Previously, sheet metal parts could be inspected by tactile measuring machines in only a few locations due to time limitations. In contrast, optical 3D measuring techniques acquire the entire component surface geometry using a high-resolution point cloud (Fig. 1).

Fig. 1: Full surface optical 3D meas- uring technique, acquisition of the entire component geometry (STL mesh), the hole pattern, (holes, slits, etc.), and the borders (trim and springback)

The ATOS 3D Digitizer is used as a precise, fast, and robust measuring solution by companies from the consumer product area, aerospace and automobile industry, including BMW, Audi, and Volkswagen. ATOS combines high-quality measured data with flexibility, and can be used not only in the measuring rooms but also in the pressing plant and raw production environments. Regardless of object size, precise 3D coordinates are created and complete measuring and inspection reports delivered.

Fig. 2: Mobile optical 3D measurement, component analysis in the production environment.

With guided feature  recognition,  measure  all  features  with  certainly

Until recently, the measurement of sharp edges required the use of coordinate measuring machines because optical digitizing systems provided unsatisfactory results. But thanks to complete, in-house development of sensor, measuring, and inspection software, a comprehensive concept and secure workflow specifically for the entire sheet metal inspection process could be developed (Fig. 3).

Fig. 3: GOM workflow for inspecting sheet metal parts.

Typical features such as hole patterns as well as trim and springback at borders can be measured with ATOS using the „Guided Feature Measurement Strategy“ (Fig. 4).

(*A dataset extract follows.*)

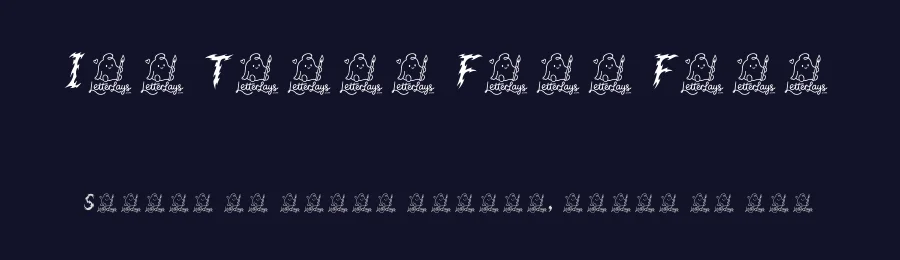 Ink Tribe Free Font by Letterlays — Display Font — thumbnail 2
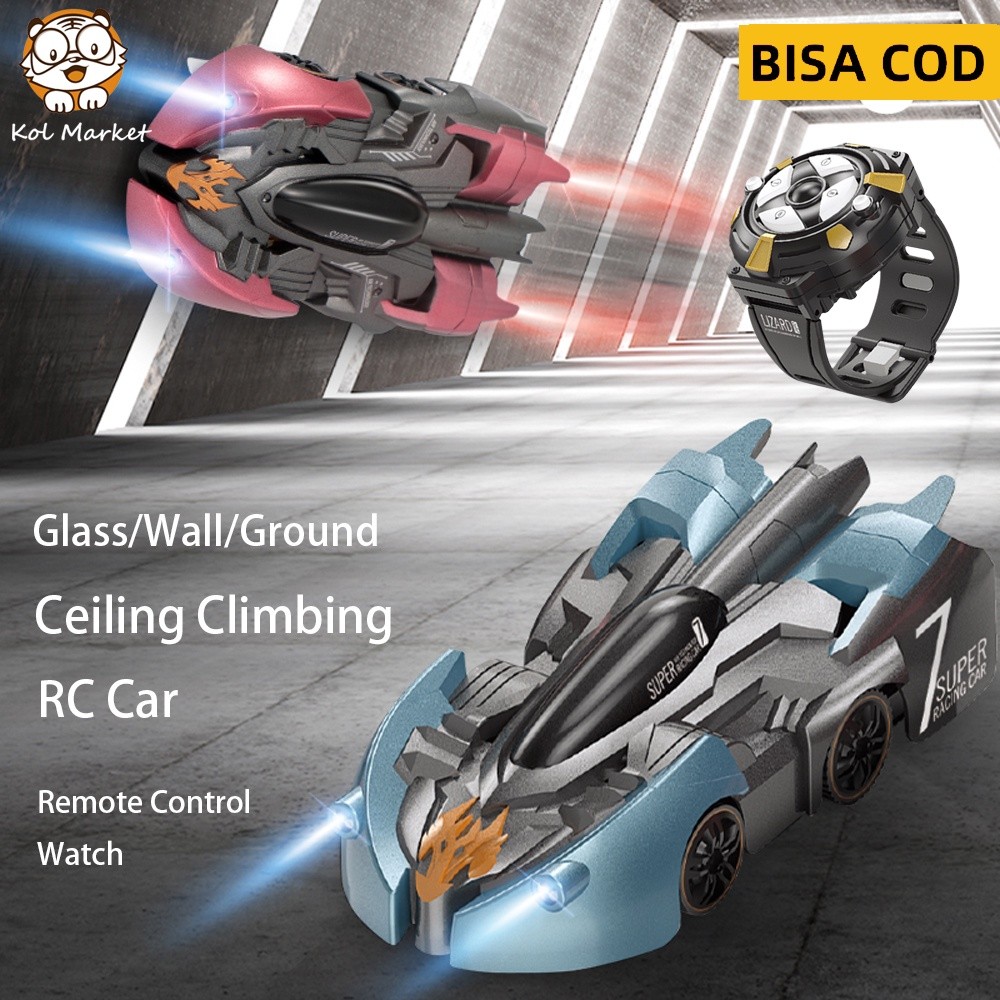 AH67JY Anti Gravitasi Wall Climbing RC Mobil Listrik 360 Berputar Stunt Mobil RC Antigravity Mesin A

Using the inspection features previously extracted from the CAD, the software shows the user the best sensor positions, for example, in which an elongated hole can be measured optimally. Even sharp-edged features can be measured reliably with subpixel precision, using specially developed algorithms.

Fig. 4: “Guided Feature Measurement Strategy” for certain measurement of surfaces, hole patterns, and trimmed borders.

Jigs and fixtures

Stable parts can be measured without jigs or fixtures using the contact-free ATOS Digitizer, because the alignment of measured data to CAD data is controlled using RPS points in the ATOS inspection software (Fig. 5). If a sheet metal component is digitized when free standing and once installed, deformations   can be measured and visualized. Variable alignment is possible due to the dense data volume, and contributes to fast problem resolution during assembly analysis (Fig. 6).

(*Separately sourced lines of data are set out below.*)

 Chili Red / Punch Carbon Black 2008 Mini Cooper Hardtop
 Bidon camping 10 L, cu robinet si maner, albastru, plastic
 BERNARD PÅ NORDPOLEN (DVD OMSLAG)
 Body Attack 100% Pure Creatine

Fig. 5: RPS alignment in the ATOS inspection software.

Fig. 6: The variable component alignments often contribute to fast problem resolution during assembly analysis.

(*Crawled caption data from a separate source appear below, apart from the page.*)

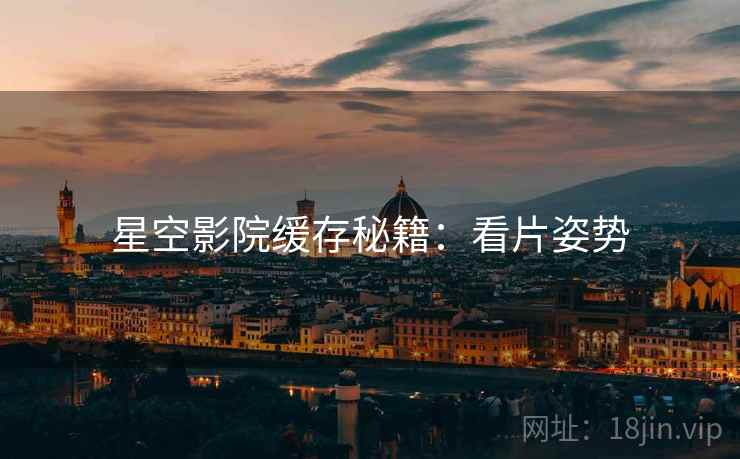 星空影院缓存秘籍：看片姿势
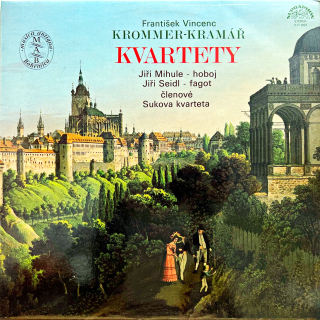 LP František Vincenc Krommer-Kramář, Suk Quartet Members, Jiří Mihule – Quartets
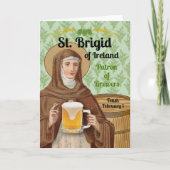 Carte Sainte Brigitte d'Irlande et son tonneau de bière (Devant)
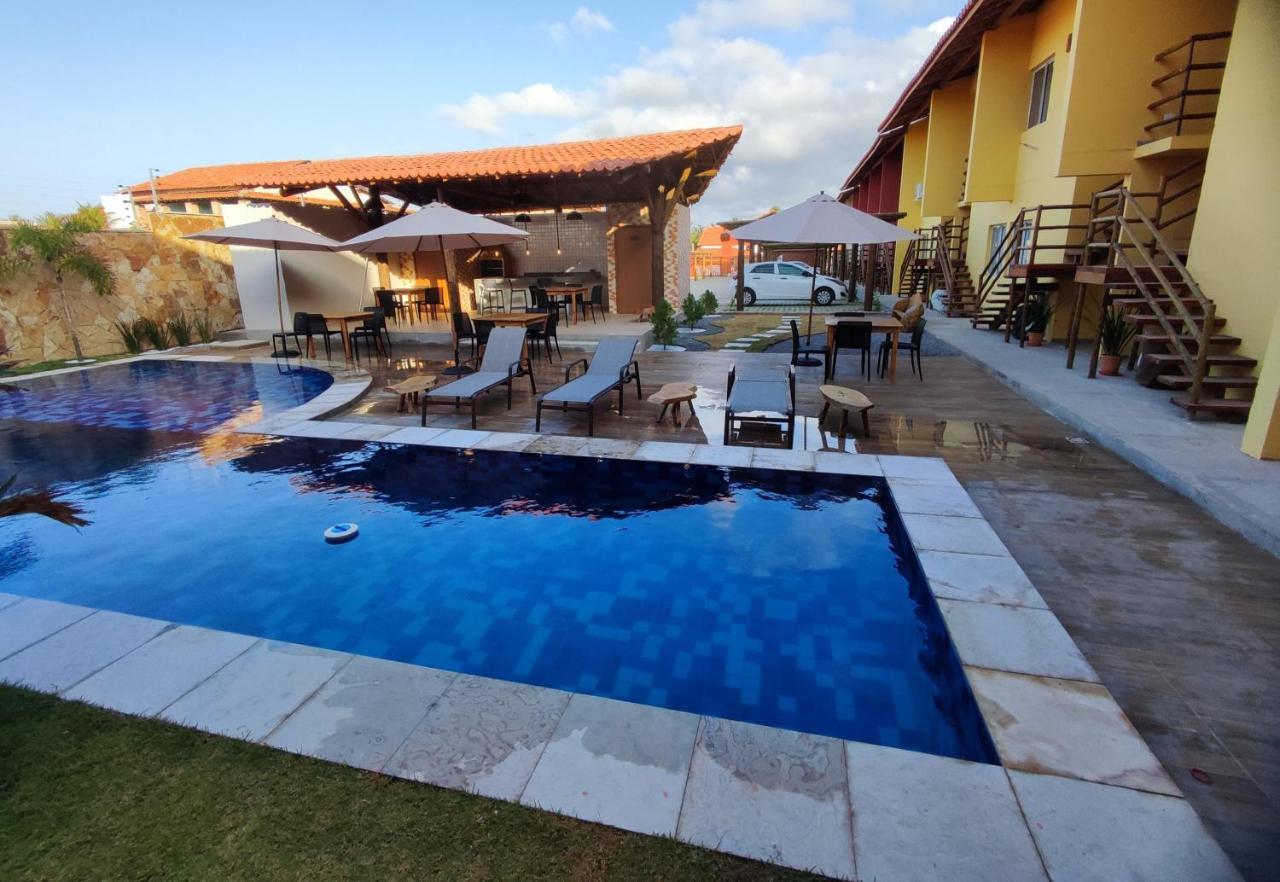 Casa Na Praia Com Piscina 路易斯科雷亚 外观 照片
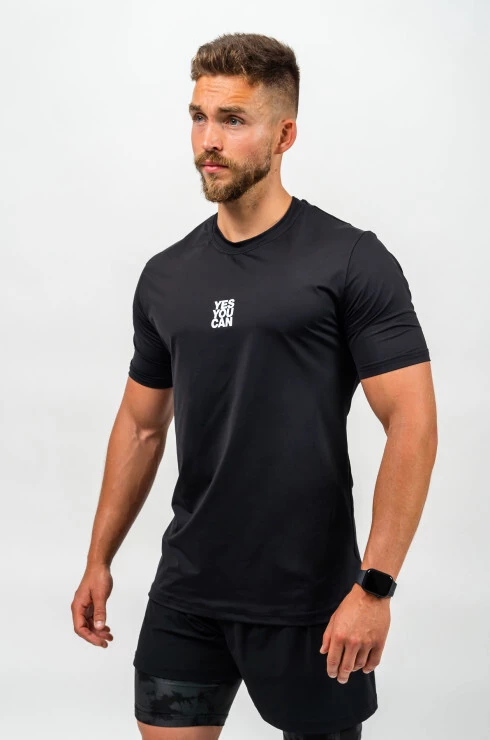 Heren T-shirt Nebbia Performance+ Short-Sleeve Sports T-shirt RESISTANCE 348 black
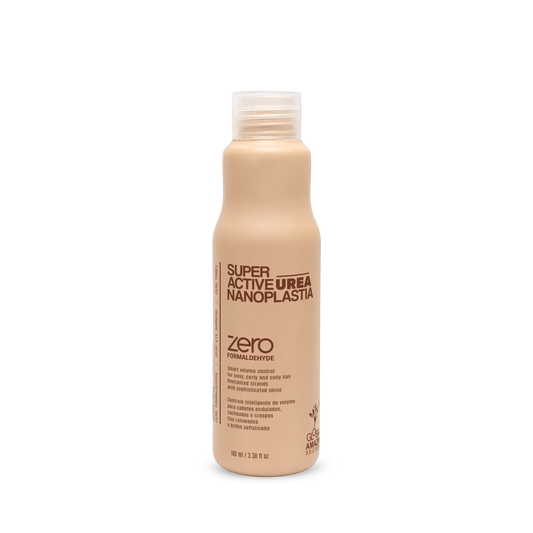 Super Active Urea Nanoplastia | Zero Formaldehyde Hair Smoothening Treatment | 100% Frizz Free | Brilliant Shine | 100 ml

For the measurement of clamped sheet metal components, the contact-free measuring techniques enable an adaptive fixture concept, thus saving costly  gauges (Fig. 7). For example, a simple holding jig can replace six measuring  gauges. Since it can be used in parallel for various parts, storage space and pro- duction time are saved.

Fig. 7: The optical 3D measuring technique enables the use of an adaptive holder concept that saves on space and costs.

GOM ATOS inspection software: a comprehensive concept from measur- ing plan to measurement and evaluation

ATOS inspection software enables CAD formats to be imported, in addition to classic measuring plans such as Catia-List, DMIS, etc. (Fig. 8). In addition, inspection features that have already been implemented in the CAD data can also be entered, for example surface tolerances, profile, shape, and position tolerances (Fig. 9)

Fig. 8: Measuring plan import into the ATOS inspection software (DMIS)

Fig. 9: Direct inspection feature import from CAD into the ATOS inspection software (surface tolerances)

After alignment, the deviation of each data point to the CAD can be determined. Using the digitizing measuring data, a full surface color 3D display of the deviations to the CAD can then be created (Fig. 10). Local deviations can be analyzed using inspection sections (Fig. 11).

Fig. 10: Full surface target – actual comparison of the measuring data to the CAD.

Fig. 11: Detailed display of the devia- tions using inspection sections with a tolerance range.

When checking the borders, a distinction can be made between normal deviation (springback) and tangential deviation (trim) (Fig. 12). In addition to the planar target/actual comparison, the Trim & Springback and hole pattern measurement can be analyzed with the system hemmed edges as well as Gap & Flush (Fig. 13-15).

Fig. 12-15: Analysis of trim and springback, CAD edge, Inspection of hole patterns, Check- hing a hemmed edge.

Measuring results can be created output in customizable configurable reports. In addition to images, all values can be exported to tables, Word, Excel, or HTML format (Fig. 16).

Fig. 16: Output of measuring and inspection reports in tables and paper format.

In addition, the free ATOS 3D Viewer supports the comprehensive use of 3D coordinate measuring data and their evaluation. All 3D measuring data and inspection results are available in compressed format for exchange and further processing by customers and colleagues (Fig. 17).

Fig. 17: Output of measuring and inspection reports in tables and paper format.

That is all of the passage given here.